START DATA EXCERPTS

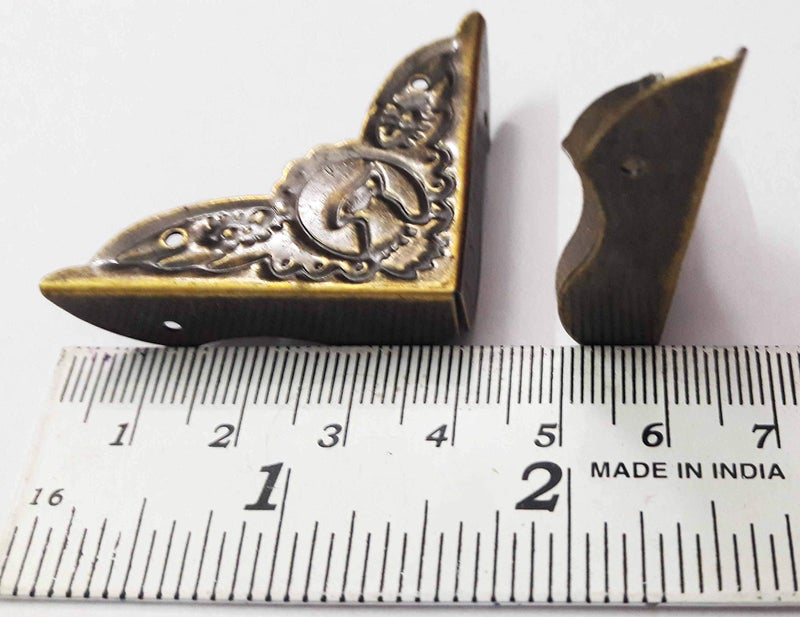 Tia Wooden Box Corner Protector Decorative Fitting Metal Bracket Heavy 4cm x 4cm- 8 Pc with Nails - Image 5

END DATA EXCERPTS
START DATA EXCERPTS

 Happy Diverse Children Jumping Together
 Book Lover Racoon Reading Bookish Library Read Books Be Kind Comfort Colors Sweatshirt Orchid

END DATA EXCERPTS
START DATA EXCERPTS

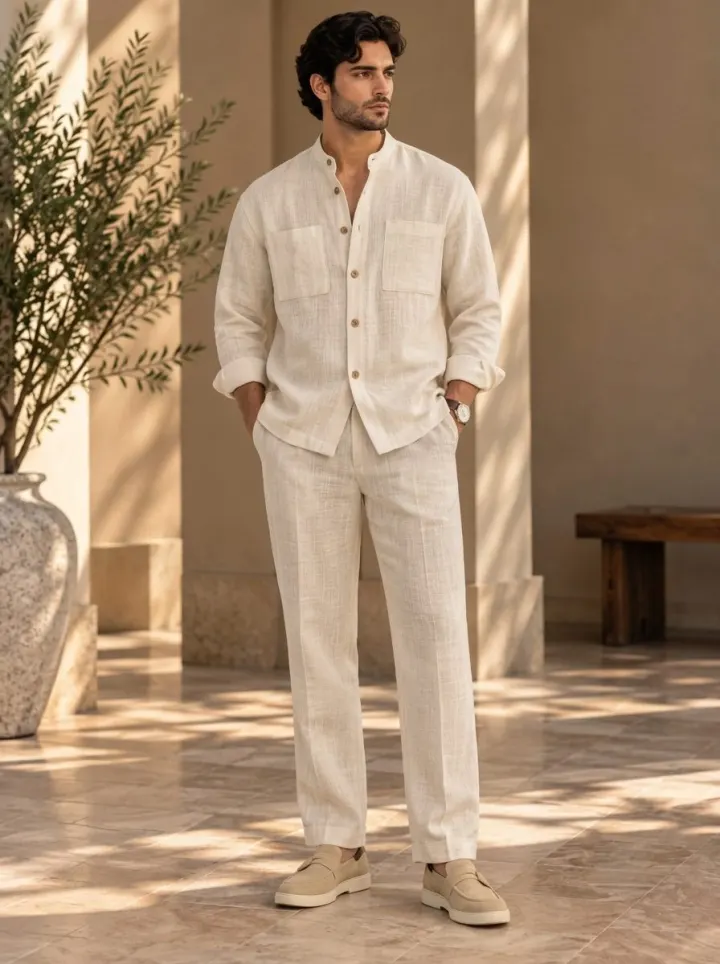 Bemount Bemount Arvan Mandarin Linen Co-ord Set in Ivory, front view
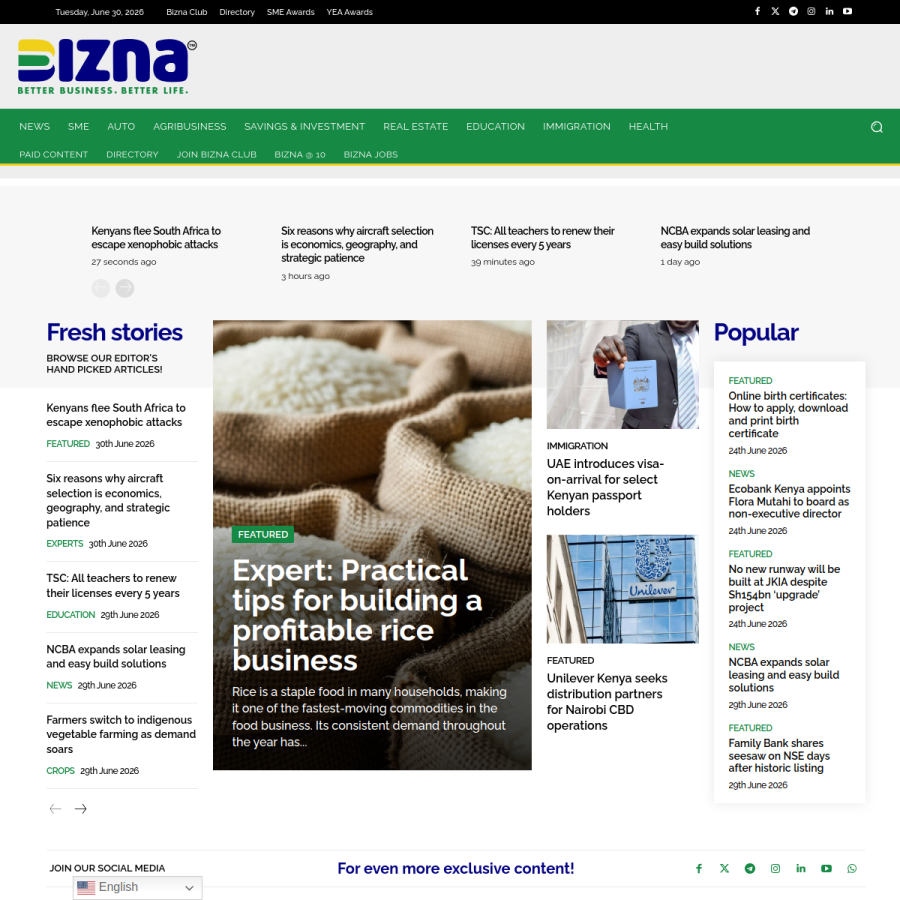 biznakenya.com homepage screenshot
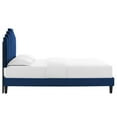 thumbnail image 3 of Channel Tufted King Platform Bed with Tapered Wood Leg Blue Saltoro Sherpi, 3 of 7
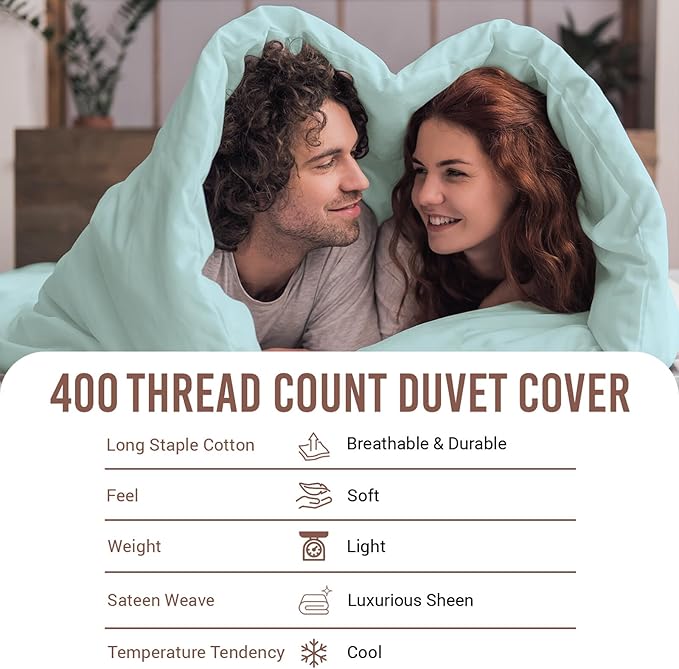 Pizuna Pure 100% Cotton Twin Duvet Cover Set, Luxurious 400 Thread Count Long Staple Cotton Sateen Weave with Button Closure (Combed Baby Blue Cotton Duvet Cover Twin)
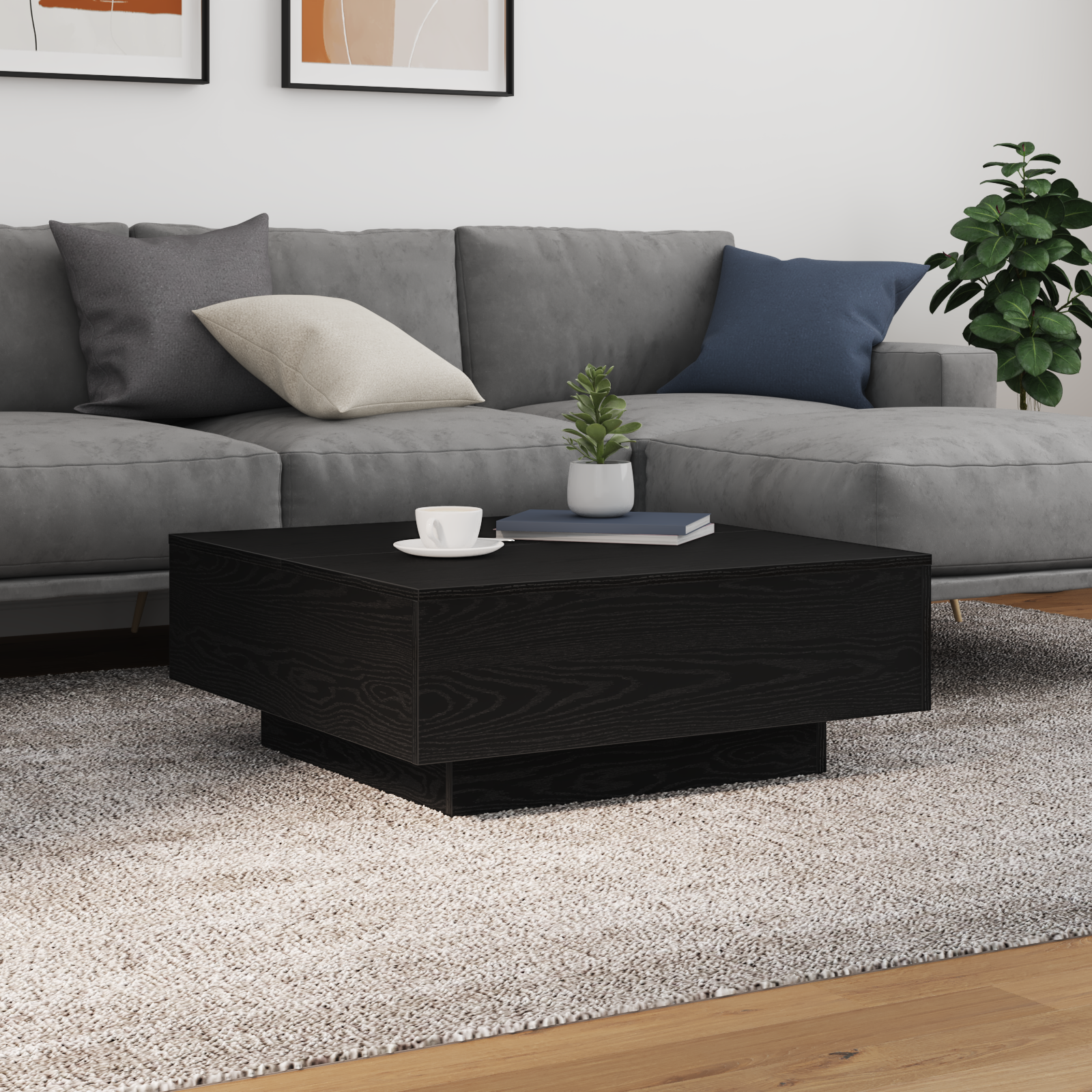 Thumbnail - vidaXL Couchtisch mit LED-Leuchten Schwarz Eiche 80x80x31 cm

END DATA EXCERPTS

- YOUR GOAL: Reproduce word for word the material above, beginning with the line that contains "Happy Diverse Children Jumping Together" and ending with the line that contains "Book Lover Racoon".

- EXERCISE ANSWER:
 Happy Diverse Children Jumping Together
 Book Lover Racoon Reading Bookish Library Read Books Be Kind Comfort Colors Sweatshirt Orchid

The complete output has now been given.